The Australian Centre for International Justice (ACIJ) welcomes the announcement made by the Prosecutor of the International Criminal Court (ICC) on 23 January 2025 concerning the filing of applications for warrants of arrest before the Pre-Trial Chamber II in the Situation in Afghanistan. The arrest warrant applications were filed against two senior Taliban leaders – Taliban Supreme Leader, Haibatullah Akhundzada, and the Taliban Chief Justice, Abdul Hakim Haqqani, asserting reasonable grounds to believe that the alleged perpetrators bear criminal responsibility for the crime against humanity of persecution on the basis of gender grounds. 

These arrest warrant applications are the first to be submitted in the Situation in Afghanistan and represent a significant step in ensuring accountability for those responsible for the unprecedented and unconscionable persecution of girls, women and the LGBTQI+ community of Afghanistan, including the deprivation of their fundamental right to physical integrity and autonomy, freedom of movement, expression, education, private and family life, and free assembly. 

The international crimes committed in Afghanistan are broad and must be effectively investigated to end ongoing impunity. In this regard, the ACIJ welcomes the Prosecutor’s indication that further arrest warrant applications will soon be sought for other senior members of the Taliban. 

We call on the Prosecutor to intensify efforts to investigate all international crimes committed over the past two decades in Afghanistan, ensuring that perpetrators are held accountable for the gross injustices suffered by all victims. This includes the ongoing, systematic and widespread attacks targeting ethnic and religious minorities, such as the Hazara and Shia communities of Afghanistan. These minority communities have been subjected to ongoing and systemic human rights violations including arbitrary arrest and detention, torture and other ill-treatment, extrajudicial killings, enforced disappearances, and targeted mass killings, violations which together constitute crimes against humanity, in particular, the crimes of murder, extermination, imprisonment, torture, persecution and enforced disappearance.

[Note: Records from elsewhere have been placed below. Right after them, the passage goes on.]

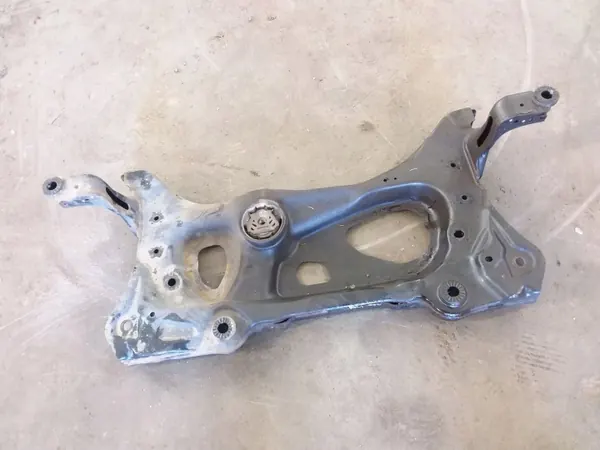 Caisse traîneau VW Golf VII d'occasion OEM 5Q0199349B image 2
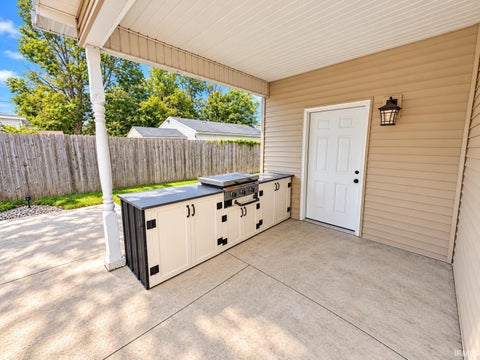 Tiny photo for 902 N Webster Street, Kokomo, IN 46901 (MLS # 202641245)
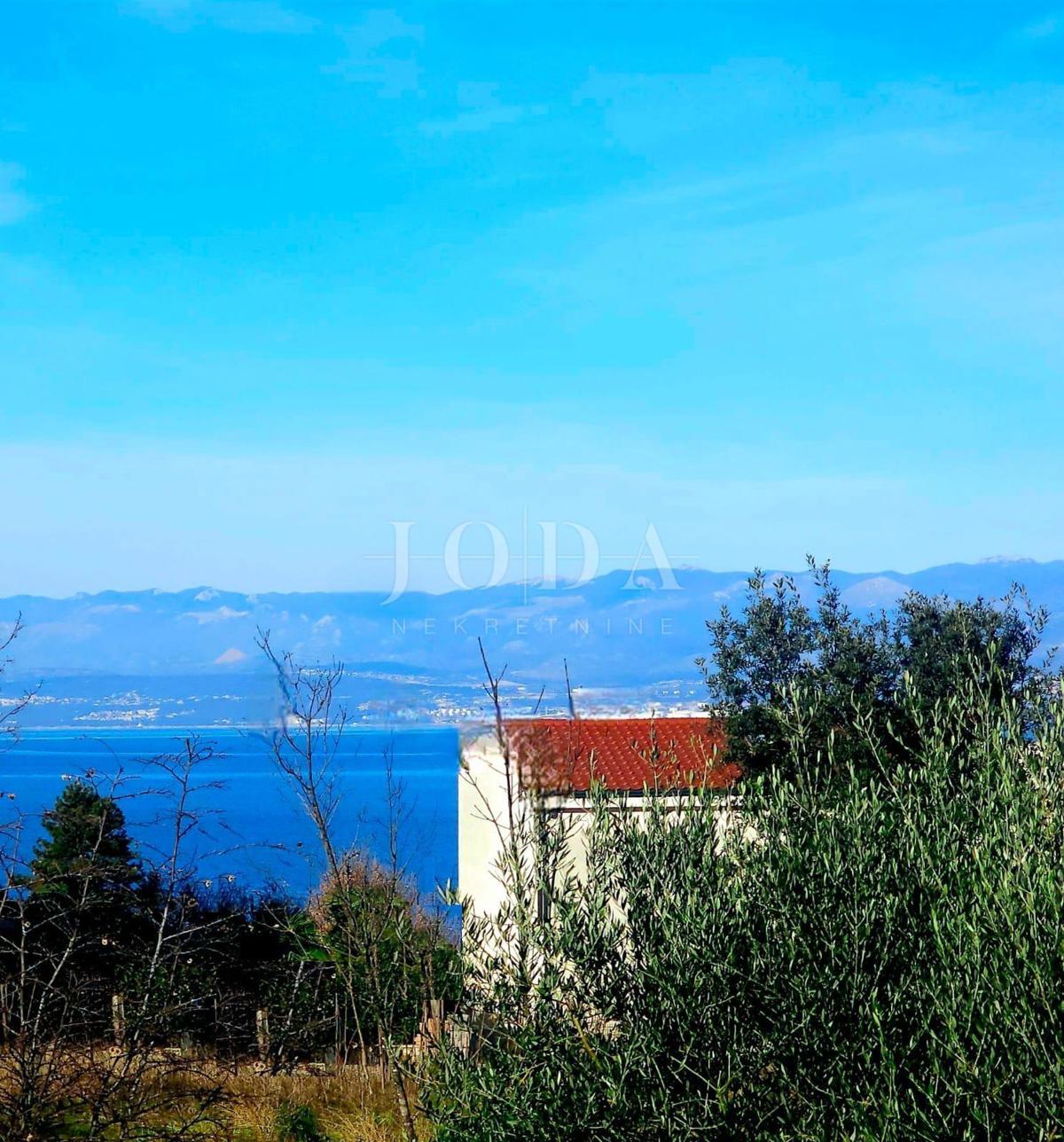 Malinska - terreno con vista mare vicino alla spiaggia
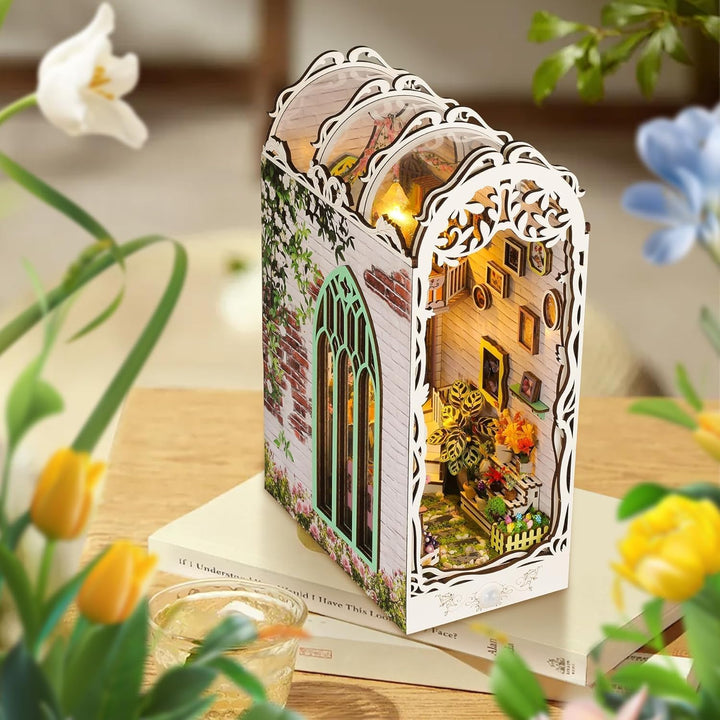 Book Nook Kit Buchstützen, DIY Puppenhäuser Miniatur Haus Kit mit Staubschutzhülle LED-Licht Gartenh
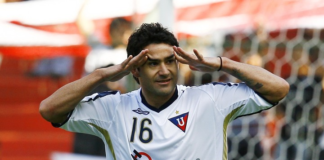 Casi 17 años después de haber alcanzado la gloria con la Liga, el histórico delantero Claudio Bieler regresa a Ecuador para recibir un homenaje en el Estadio Rodrigo Paz Delgado.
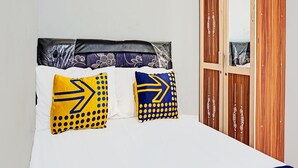 Chambre Double | Bureau, Wi-Fi gratuit, draps fournis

The ACIJ further calls upon the Prosecutor to reverse his troubling decision to “deprioritise” investigations into crimes allegedly perpetrated by US military forces and the US Central Intelligence Agency (CIA) within Afghanistan, as well as in CIA ‘black sites’ located not only in Afghanistan but also on the territory of other States Parties of the ICC, including Poland, Romania and Lithuania. Selective approaches to international justice ultimately undermine the rule of law, which serves to ensure equality before the law, accountability to the law and fairness in the application of the law. 

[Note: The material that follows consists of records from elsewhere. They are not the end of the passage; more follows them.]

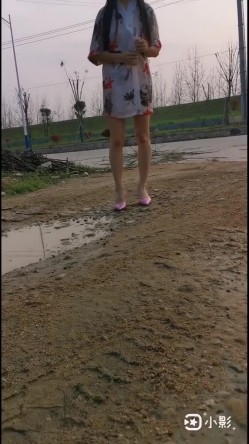 万人求购，推特反差婊，顶级绿帽骚妻【嫂子爱露出】一女战多男，群P大乱交，捆绑调教野战 截图1
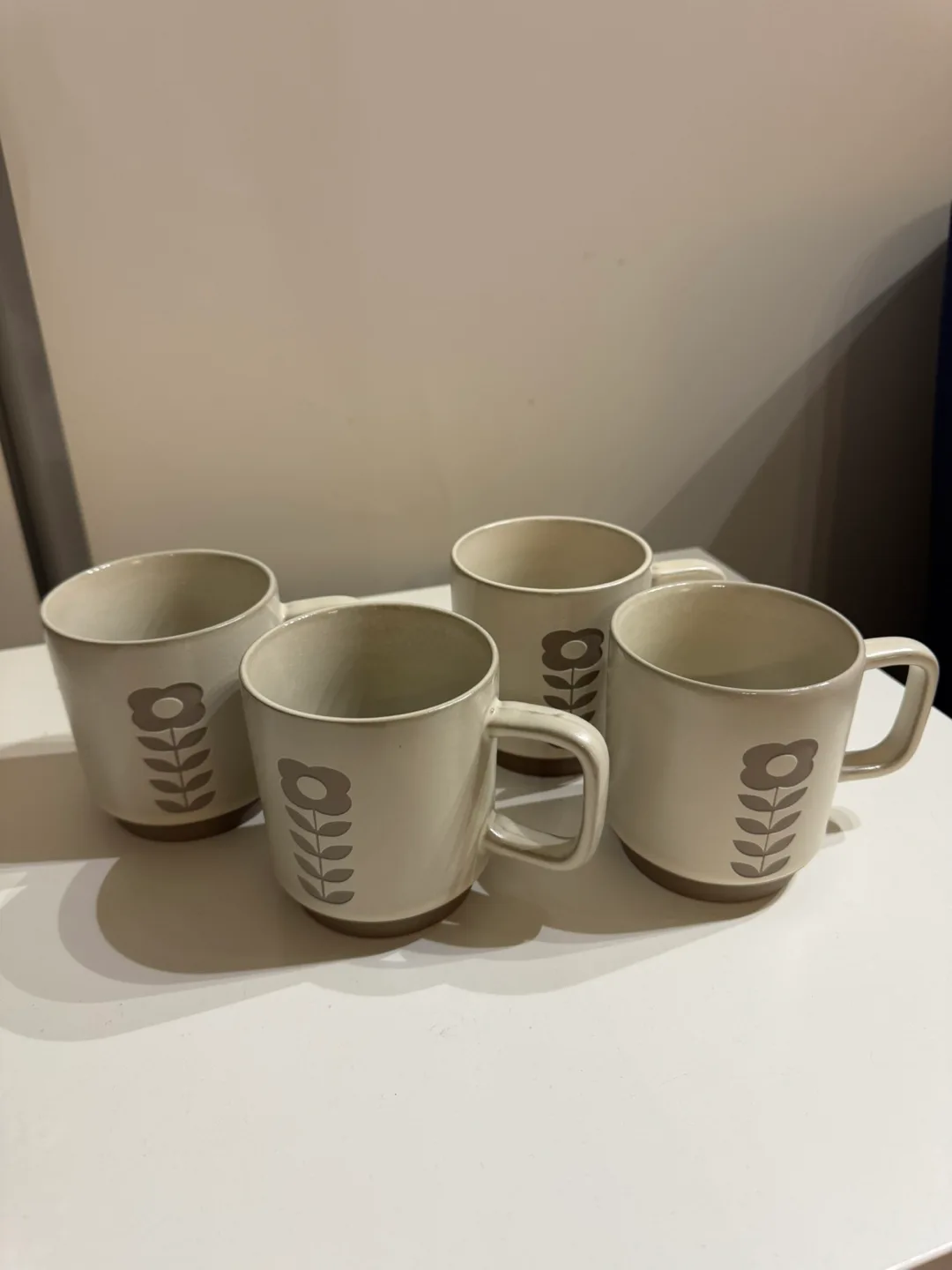 Floral Ceramic Mug Set thumbnail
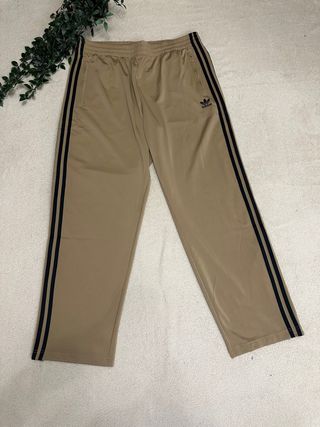 Pantalón Adidas Beige Talla L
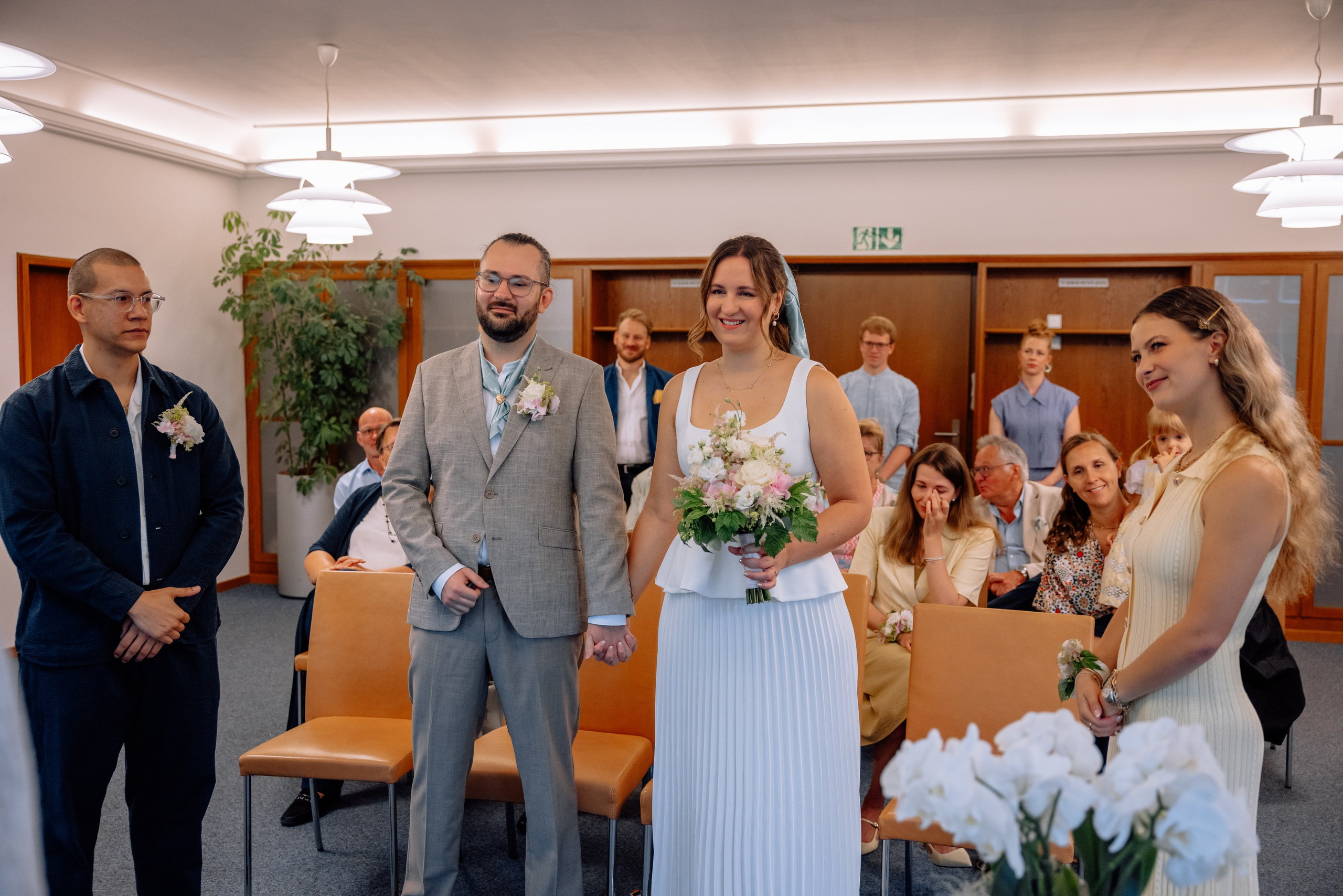 Corinna und Daniel: romantische Hochzeit in der Mandlstrasse/Sommer 2025. Hochzeitsfotograf München Taufe Familienfotograf Tanja Mauke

The ACIJ remains committed to the international campaign led by Afghan and Iranian women to recognise gender apartheid as a crime against humanity and commends the support shown by the Australian Government for this campaign. The ACIJ also commends the Australian Government for their intervention at the International Court of Justice in the action brought against Afghanistan for violations of the Convention on the Elimination of All Forms of Discrimination against Women, of which Afghanistan is a party. This action has been brought about as part of the wider effort to hold the Taliban regime to account under international law for their grave mistreatment of Afghan women and girls. 

Executive Director of the Australian Centre for International Justice, Ms Rawan Arraf said:

“These arrest warrants are a result of decades of work by victim-survivors and human rights groups in Afghanistan who have struggled for truth, accountability, redress and justice for the millions of people in Afghanistan, a country that has endured over four decades of war. Women and girls have long paid the ultimate price for crimes committed in Afghanistan, and continue to pay the ultimate price under the Taliban regime.

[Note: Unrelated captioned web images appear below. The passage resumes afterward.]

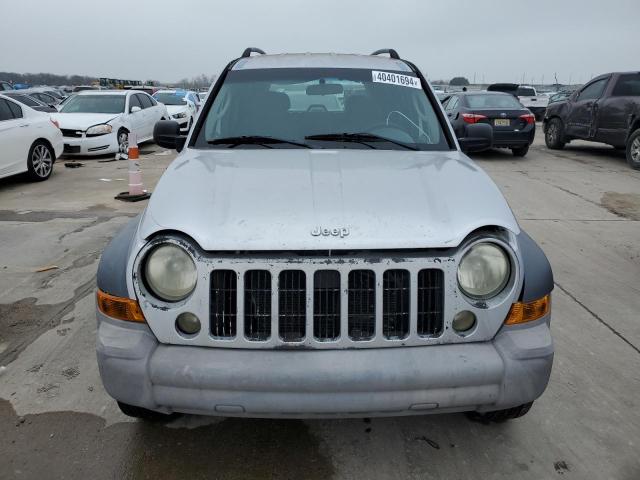 Photo 4 VIN: 1J4GK48K45W510484 - JEEP LIBERTY 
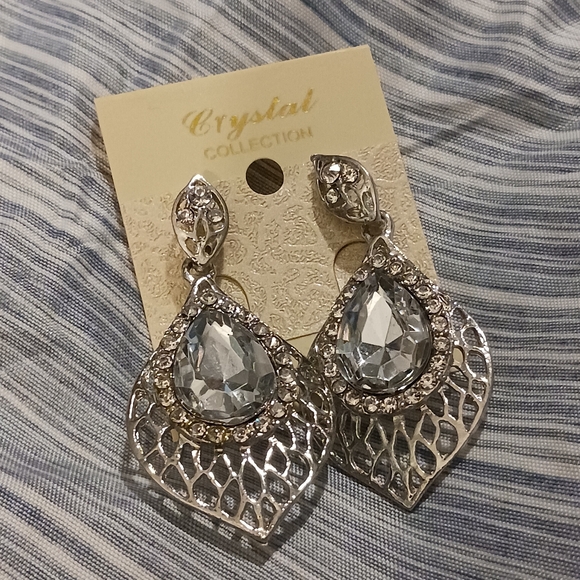 NWT!! Crystal Collection Earrings - Picture 3 of 8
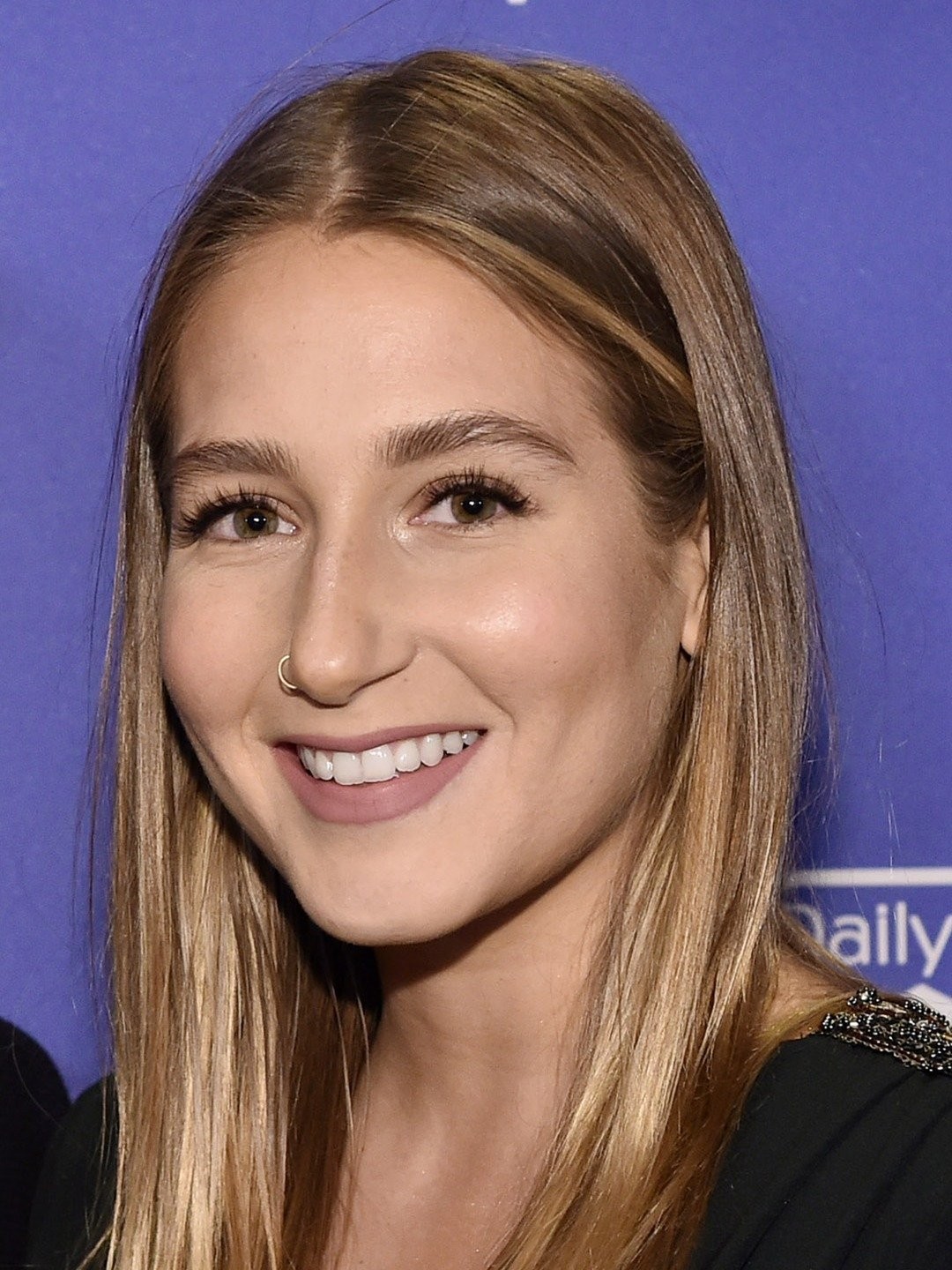 Amanda Batula Pictures | Rotten Tomatoes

“As the Office of the Prosecutor (OTP) focuses on the crimes of the Taliban regime, closer to home, Australian authorities are continuing to investigate allegations of war crimes by Australian special forces in Afghanistan. We commend those efforts but are concerned by recent announcements from the Office of the Special Investigator (OSI) that it has decided not to pursue a number of incidents for prosecution. We’ve called on the OSI to provide more detailed reasons to the affected Afghan families and communities and the Australian public explaining the decisions not to pursue prosecutions in those cases.

“The Office of the Prosecutor will visit Australia in the coming months and meet with the OSI. We call on the OTP to impress upon Australian authorities and the OSI the urgent need to conduct victim outreach and ensure there are avenues for meaningful victim participation in the criminal justice process that has been established here in Australia.

“Finally, the Australian Government has lagged in its provision of prompt compensation and redress to the affected families and communities, some 12 years after the incidents occurred, and four years after the Brereton Inquiry recommended compensation be immediately provided. The compensation scheme that was finally established late last year must expand in scope and address its serious shortcomings, including the lack of consultation with affected Afghan communities, and Afghan human rights groups and experts.”

The ACIJ acknowledges the work of its partner organisation, the Afghanistan Human Rights and Democracy Organization (AHRDO). We endorse their statement released on 23 January 2025.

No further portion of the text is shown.